This is so easy, so cheap and so bleedin’ obvious, it’s frustrating that so few people do it. Not all homes are orientated south of course, and you really do need a south-facing wall. Build a conservatory! Spend a bit more on really good glazing, preferably triple-glazing, and fit insulation panels in the roof glass, and easily adjusted solar blinds to the vertical south-facing glass. And if at all possible, specify a large mass as part of the construction to store heat. This could be a concrete floor with underlying insulation, or something solid in the room.
A conservatory is very useful but flawed: it’s an extra room with a view, but a bit cold in winter (don’t try heating it), and a bit hot in the summer, although you can usually open it up to the outside. The magic ingredient for much of the cold season is a thermostatically-controlled fan, set high up in the conservatory, linked to the house via a pipe through the cavity wall. (A useful tip – we used a 6-inch fan, but it needed the power of an 8-inch fan. Whatever the size, you must choose one with automatic vanes to keep the fan closed when it’s turned off)

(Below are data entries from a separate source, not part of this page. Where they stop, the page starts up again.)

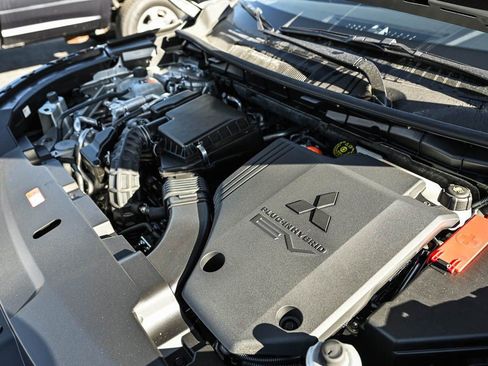 New 2025 Mitsubishi Outlander SEL image 7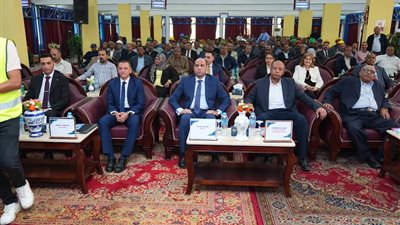 جولة ميدانية لوزير العمل ومحافظ أسوان لشركة السبائك الحديدية بإدفو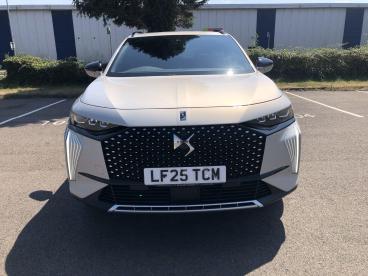 SPOTICAR Ds Ds 7 Crossback 1.5 Bluehdi Pallas Eat8 Euro 6 (s/s) 5dr Used Car - Suv Diesel Grey - Bridgend - 1200630643_2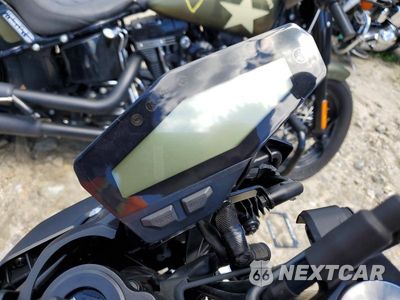 Zdjęcie 7 z 9 samochodu: 2017 YAMAHA FZ09 VIN:JYARN53E6HA001247 - miniatura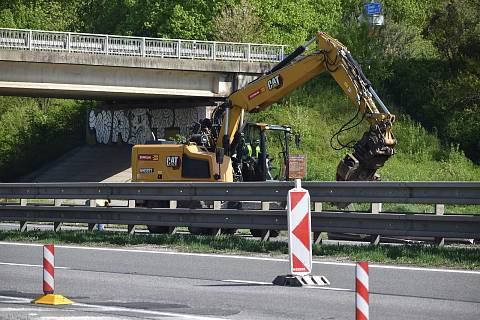 Nová křižovatka i záložní ranvej pro stíhačky. Silničáři u Vyškova opravují D46.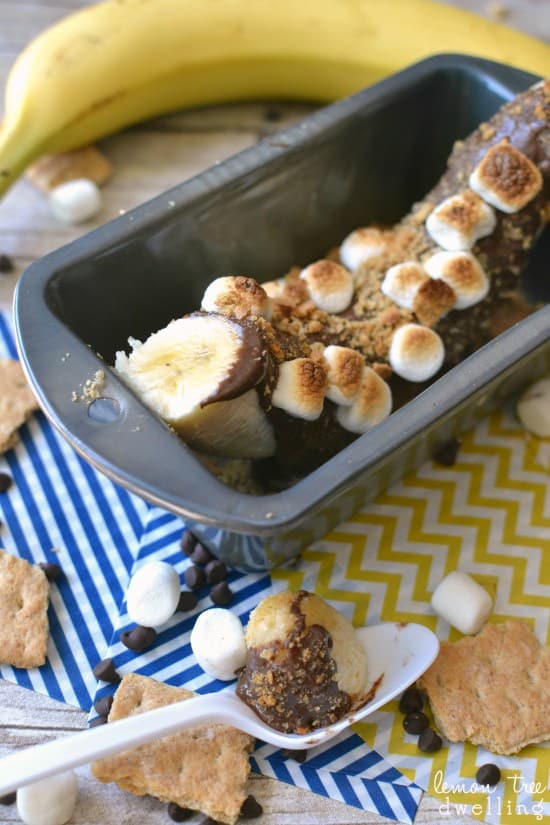 Peanut Butter S'mores Banana Boats - ooey gooey toasted perfection!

When the conservatory temperature falls below 22C, the fan is off, and the pipe kept closed by the automatic vanes. When the temperature rises above 22C, the fan starts, the vanes open and the conservatory produces heat. In the summer, the whole system will need to be turned off, but in autumn and spring it comes into its own, often producing enough heat during the day to keep the heat-pump off in the evening. During the winter, output is much lower, and the fan runs for a shorter time, even when it’s sunny, but this is free energy! The fan consumes very little power and it’s usually only consuming when the PV panels are producing electricity.
You can perform a similar trick by opening and closing the house/consvatory doors manually, but this won’t work when you’re out, or busy, and you have to remember to close the doors on an autumn evening, when the cooling conservatory will rapidly draw heat back out of the house.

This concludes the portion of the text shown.